Für mich der größte Feind des Mopeds ist der beratungsresistente, sich selbst überschätzende Schrauber.
Da bin ich aber sowas von bei Dir.......

Meiner einer hat sich inzwischen gegen eine A65 entschieden obwohl der Motor von einem sehr peniblen Menschen den ich hoch achte komplett überholt wurde.

Man muss den "otto" Motor schon verstehen um selbst bei den puristischen Inselkrädern selber was zu machen.
Dann kommt die eigene Ausstattung seiner Höhle ins Spiel....ich z.B. hab kein ami" oder eng" Werkzeug, ergo zulegen oder jedes Mal im BBW fragen ob mir jemand vertraut....

Ich verstehe aber den alten bosn...die ganzen Karren ohne Charakter sind weichgespült...es schüttelt nix, es passiert nix, es hat keine Emotion.
Bosn allerdings ist auch eine geniale allwissendeundkönnende Maschine der so Dinger im handumdrehen zu tauglichen Apparaten fertig macht.

Ich selber habe nun das erste Mal in meinem Leben einen Einspritzer im Fuhrpark....im WHB sind 46 Seiten darüber!!!!!Die schönen Flachschieber baue ich mit "verbundenen Augen"auseinander und auch wieder zusammen weil es sich von selbst erklärt.

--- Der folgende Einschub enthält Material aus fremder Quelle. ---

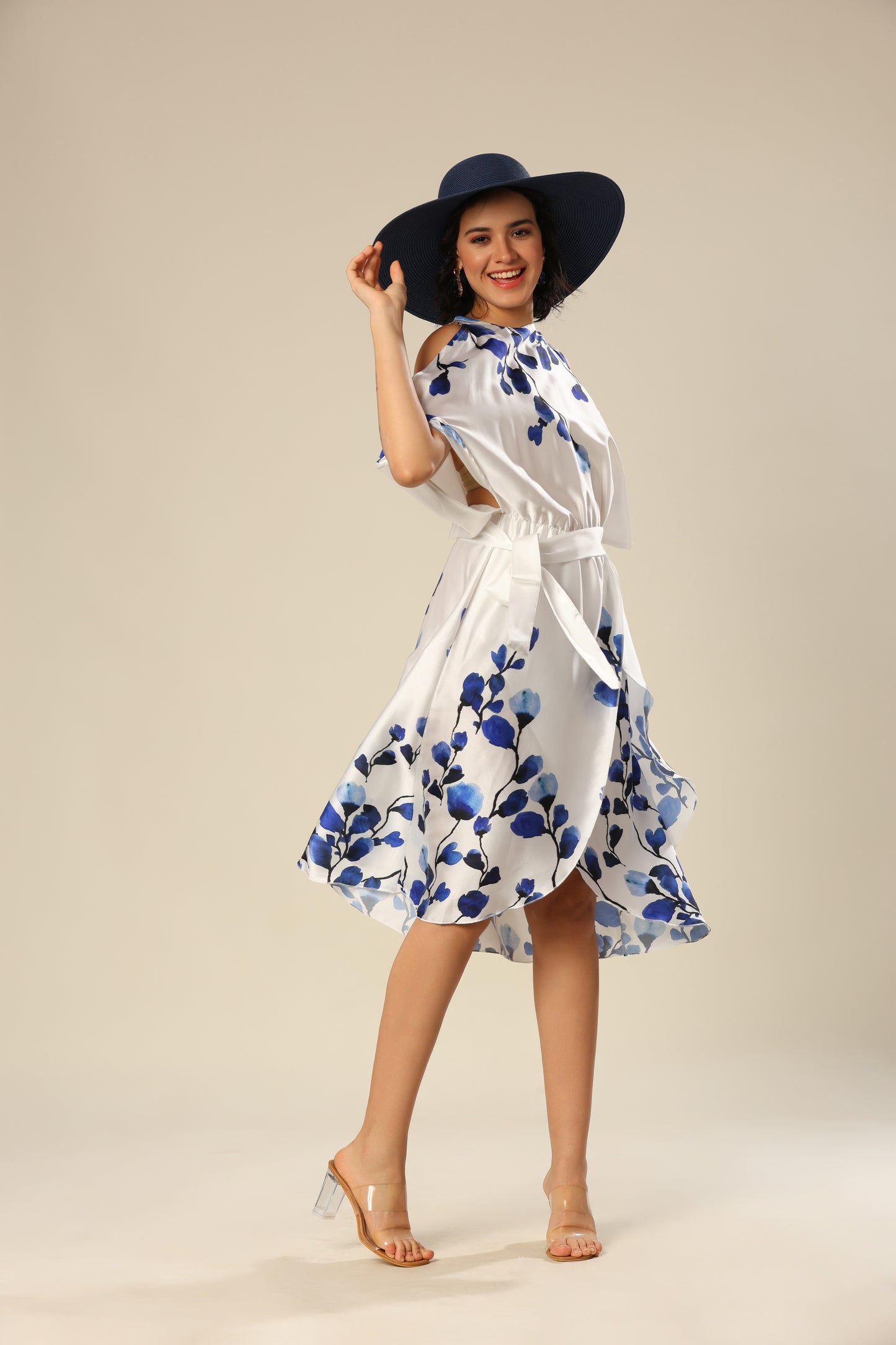 Marine Mirage Satin Stunner Dress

...Wenn ich irgendwann mal nicht mehr fahren kann und zuviel Zeit habe hole ich mir eine G50.....vorher will ich aber die anderen Krads in Ordnung halten....

Übrigens mal seit langem ein interessanter Beitrag mit guten Meinungen, da liest man förmlich wer hier von was Ahnung hat, danke und weiter so.

FEZE
Schaum und Silikon ersetzen Präzision!